Le sens des affaires au service de l’esprit de Diderot. Le patriarche parle volontiers finances. «Mon père m’a expliqué ce qu’était l’argent. Il me disait que c’était la condition de ma liberté. A partir du moment où vous l’acquérez, vous êtes un homme dans le plein sens du terme. A 20 ans, c’était mon ambition. Conquérir cette liberté par l’action.» Sous les toits, dans son bureau étroit, il pointe sur une étagère les œuvres complètes de Jean-Jacques Rousseau publiées par ses soins en 2012, sous la direction de Raymond Trousson et de Frédéric S. Eigeldinger. Pendant quatre ans, il a composé toutes les pages, à l’ancienne, à raison de seize heures par jour. «Pour moi, c’est le plus grand, par le style, l’étendue des curiosités, cette façon de tout percer, un self-made-man à la mode des Lumières.»
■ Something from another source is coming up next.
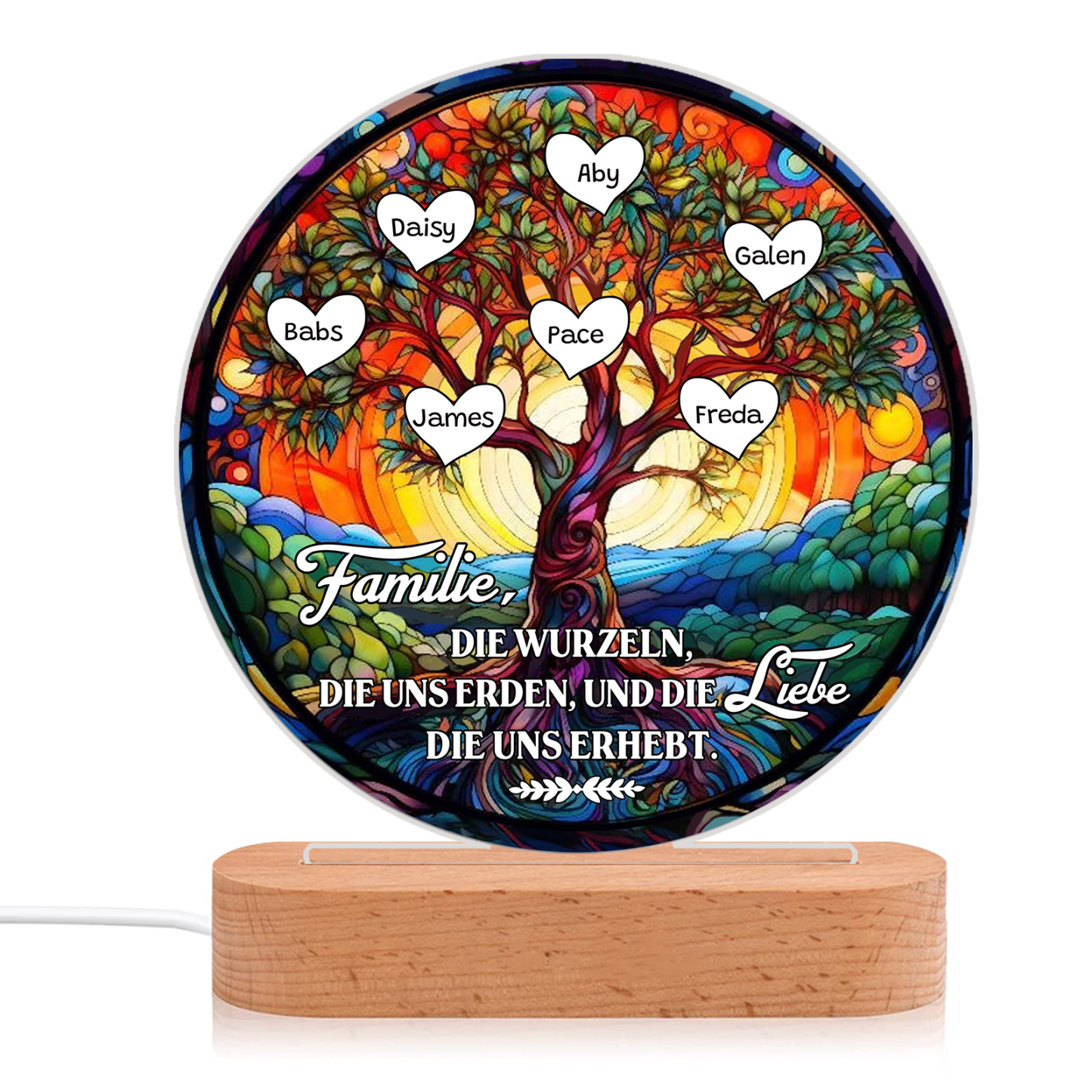 Lebenbaum Licht-Personalisierte 7 Namen Licht mit Gravur "Familie, die Wurzeln, die uns erden, und die Liebe, die uns erhebt"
Le vieux cerf sort encore des bois pour connaître le frisson, c’est son mot. «J’ai rêvé une partie de ma vie d’un grand succès d’éditeur, 100 000 exemplaires.» Il l’a connu en 2016 grâce à l’Italien Luca Di Fulvio, publié par Slatkine & CIE. Le roman s’intitule Le gang des rêves. Ce titre vaut pour Mendel, Michel-Edouard et la smala: un drapeau pour un centenaire. 


Slatkine fête ses 100 ans, Salon du livre, Genève, du 25 au 29 avril; ve 27 à 19h30, Michel-Edouard et Ivan Slatkine dialoguent sur la Place suisse.